C’est qu’on entend ici le langage des gens qui sont sur le terrain, de ceux qui mettent les mains dans le cambouis. La langue des poilus de la guerre de 14/18, si déchirante, si concrète, ceux des appelés de la guerre d’Algérie, ces paysans, ces ouvriers, que j’ai filmé avec Patrick Rotman dans la GUERRE SANS NOM. Une langue qui se méfie des slogans, qui n’a pas envie d’être embrigadée.
A de nombreuses reprises, je me suis dit que Christian Rouaud avait du avoir drôlement du mal à dire « Coupez », à arrêter sa caméra. On le sent si à l’écoute de tous ses personnages, si à l’aise avec eux et si respectueux de leurs émotions, de leurs peines, de leurs joies. J’étais embarqué, je pouvais rester trois, quatre heures de plus pour partager plus longuement leurs espoirs et leurs désillusions, leur ténacité et leur extrême malignité : cette manière de faire tourner en bourrique l’adversaire, de le surprendre, d’avoir un coup d’avance sur lui réjouira tous les amateurs de l’Oiseau Mimi, le Roadrunner dans ses combats incessants contre le Vil Coyote. Ah le récit sur les déboires des gardes mobiles avec les brebis sur le Champ de Mars…
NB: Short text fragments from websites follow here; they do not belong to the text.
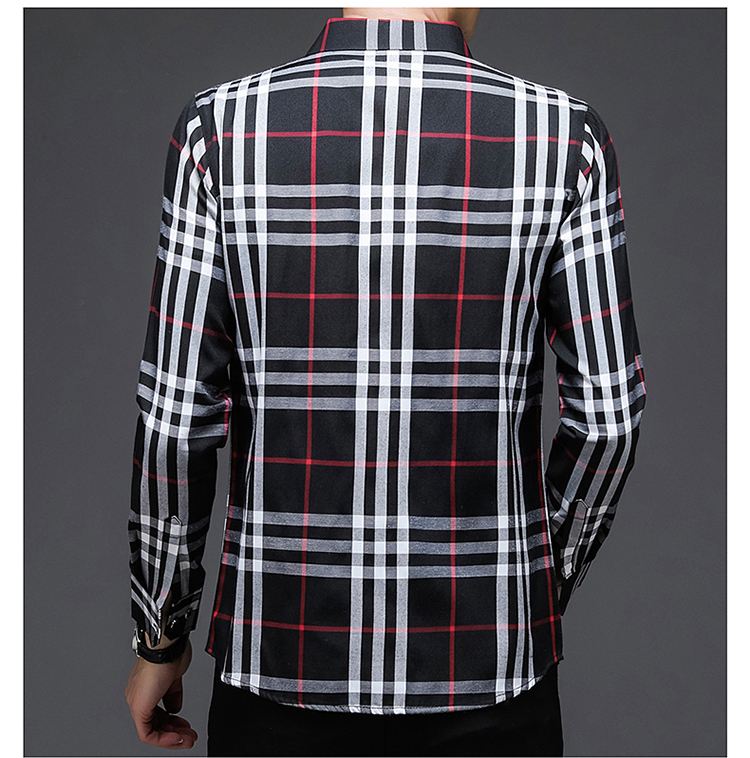 皇家保罗旗舰官方店保罗衫中青年衬衫男长袖丝光棉格子春秋款男士商务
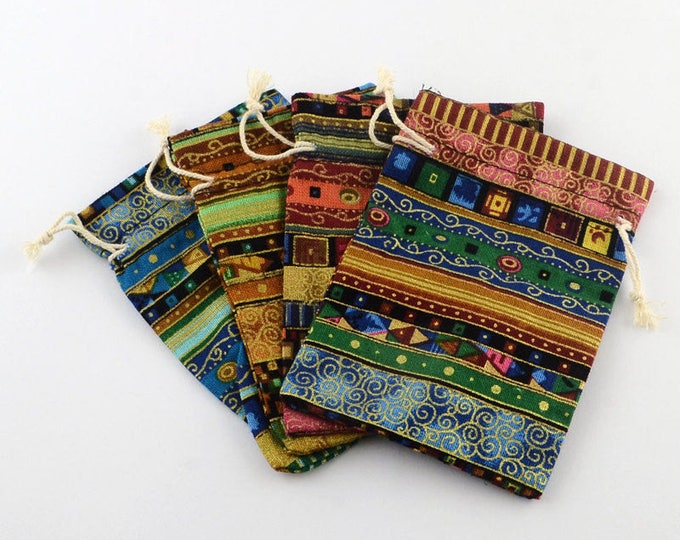 6 mix color Ethnic Style Cloth Packing Pouches-pls pick a size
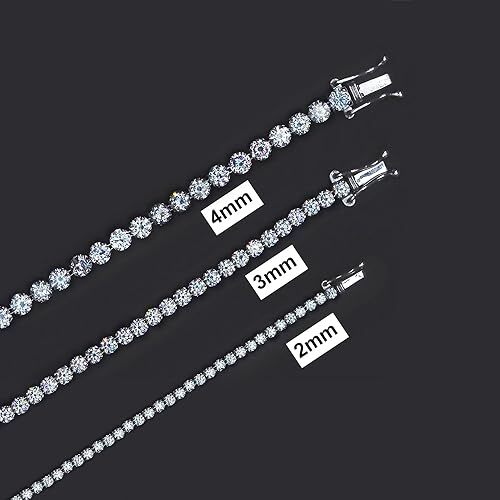 6.30 Ct 2MM Width Tennis Chain Necklace Lab Created Moissanite Sterling Silver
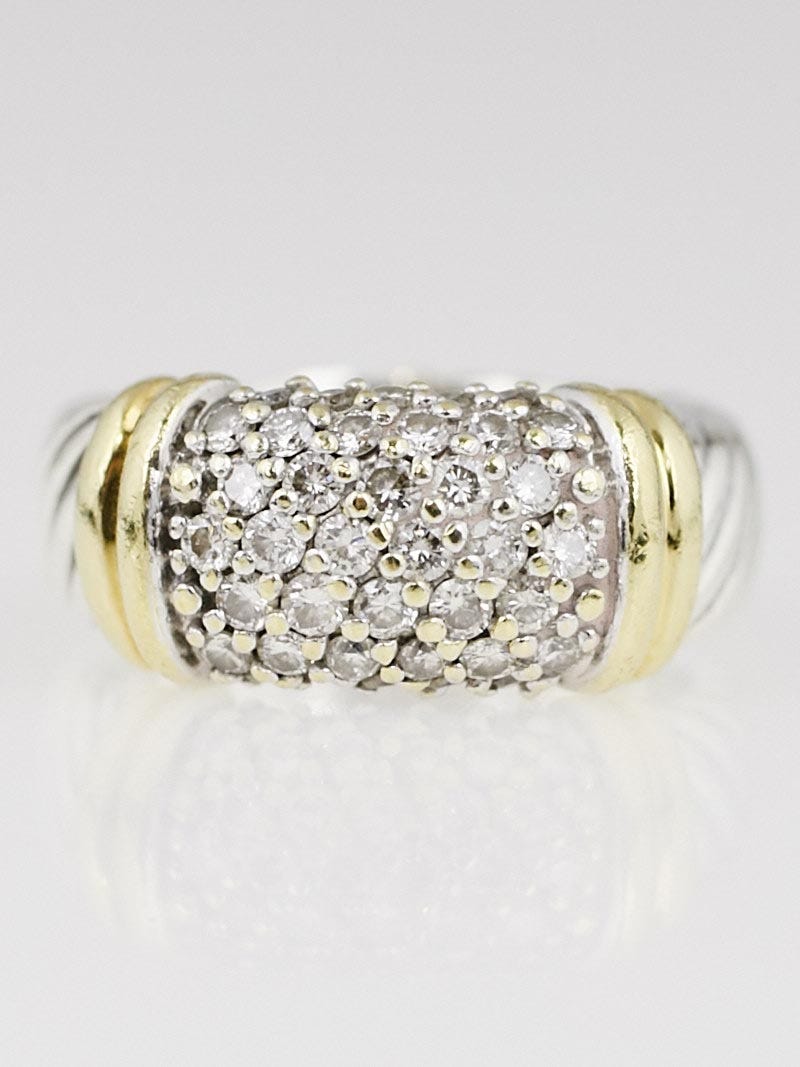 David Yurman Sterling Silver and 18k Gold Pave Diamond Ring Size 5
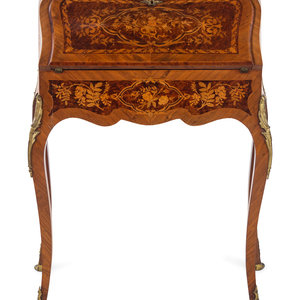 Appraisal: A Louis XV Style Gilt Bronze Mounted Marquetry Bureau en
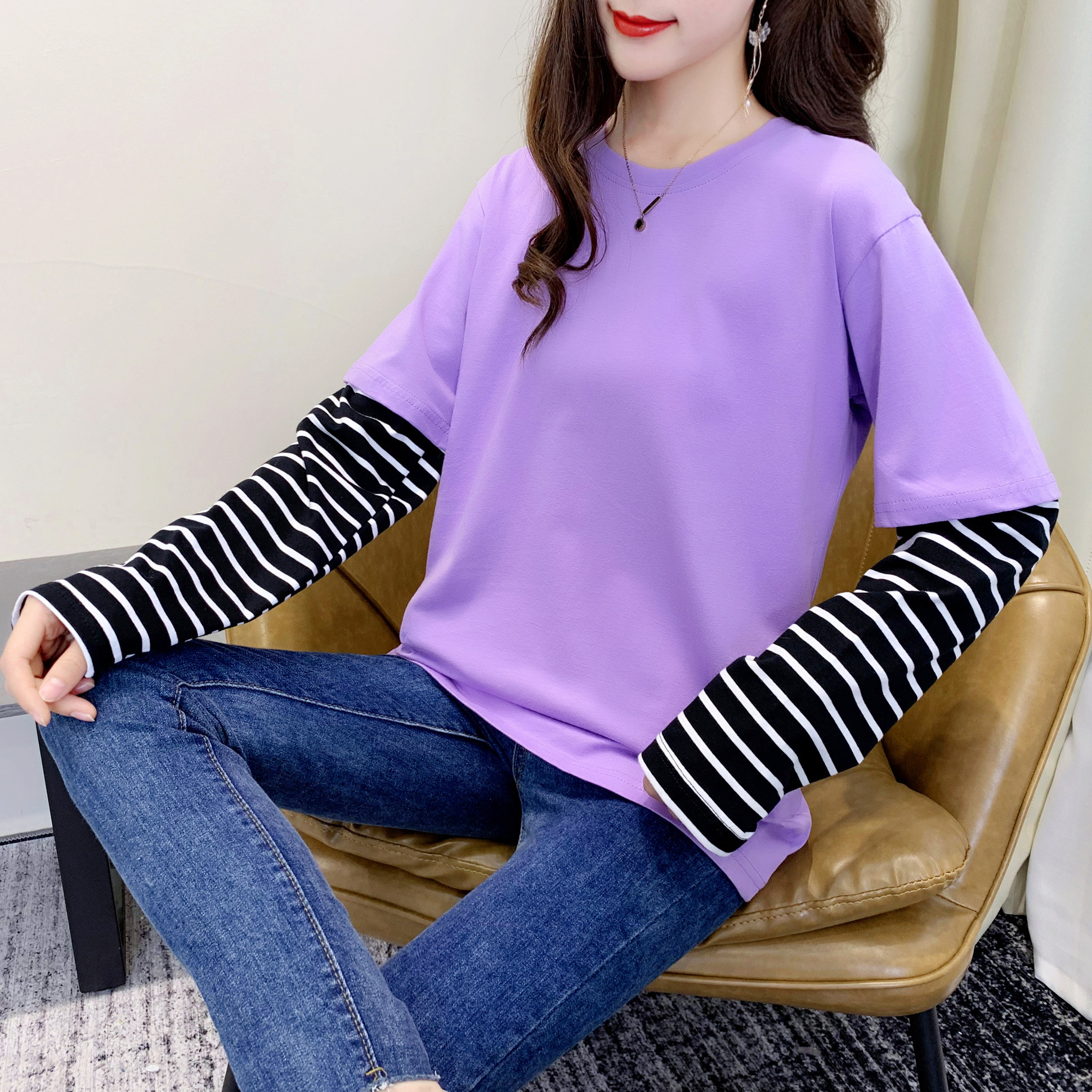 秋季新款假两件长袖纯棉t恤女空白版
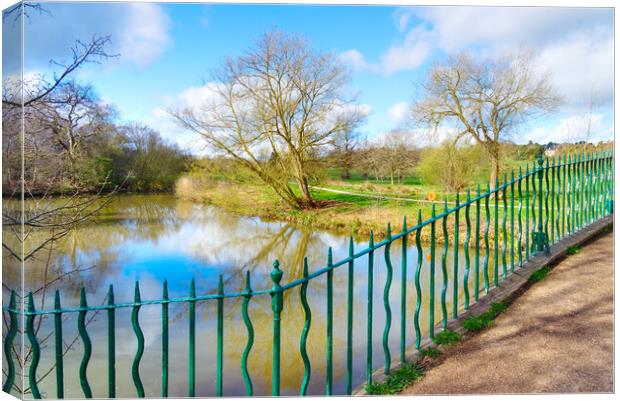 Cannon Hall Grounds and Lake Canvas Print by Alison Chambers
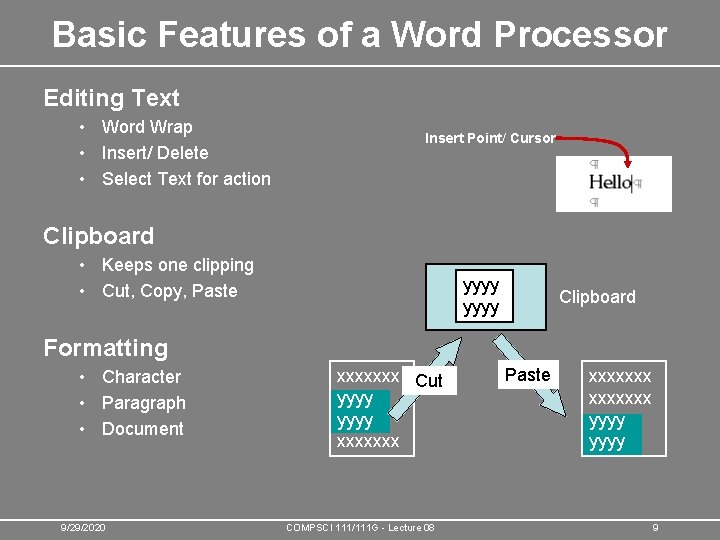 Basic Features of a Word Processor Editing Text • Word Wrap • Insert/ Delete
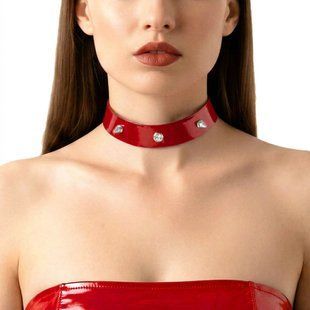 Лакированный чокер с шипами Art of Sex - Mistress, цвет красный, размер M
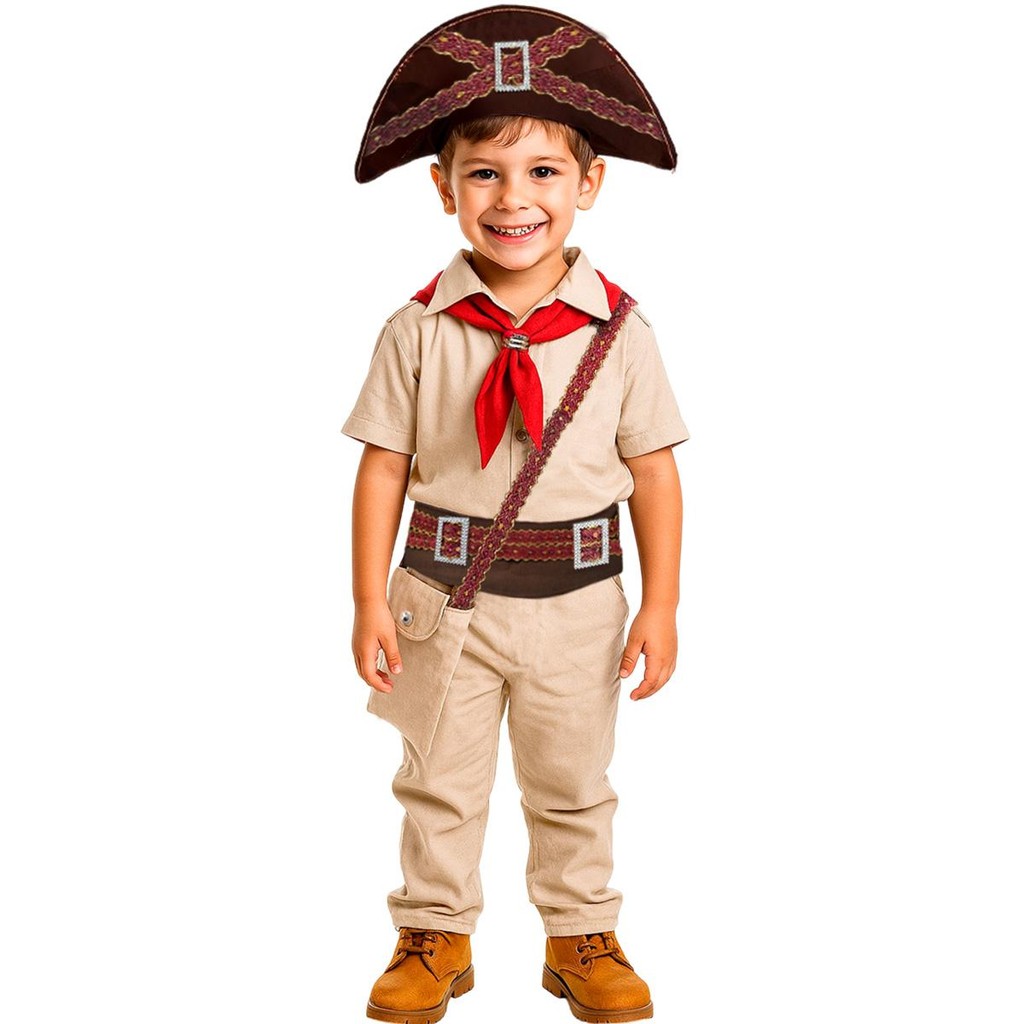 Roupa Lampião Cangaceiro Luxo Com Chapéu E Bolsa Para Festa Junina em Oferta na Shopee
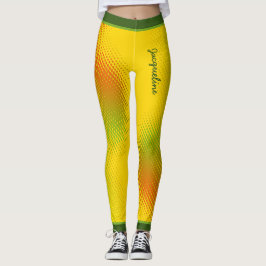 Leggings Resumen en colores caribeños con nombre en AMARILL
Et c’est vrai aussi que cette chronique de solidarité épique peut enchanter les amoureux du western. Tous les ingrédients sont au rendez vous : ces extraordinaires paysages, ces escarpements, ces ciels qui dévorent l’horizon ( lequel n’est jamais au centre de l’image comme le réclamait John Ford à ses chefs operateurs), ces arbres magnifiques, ces maisons isolées dans lesquelles on se barricade et qu’on défend coute que coute. Ces éleveurs qu’on veut chasser de leurs terres comme ces fermiers expropriés par des compagnies de chemin de fer. Dont on clôture les terres comme dans l’HOMME QUI N’A PAS D’ÉTOILE. Ou qui luttent contre le « progrès », les autoroutes et les camions comme dans SEULS SONT LES INDOMPTÉS (comme par hasard écrit par un scénariste progressiste et de gauche : Dalton Trumbo)
Ils ne courent pas les rues les films qui réchauffent autant le cœur des pauvres hommes, qui regardent le passé, constatent qu’il n’est pas mort, loin de là. Qu’il n’est même pas encore passé.. « Qui comprend le nouveau en réchauffant l’ancien peut devenir un maître », disait Confucius."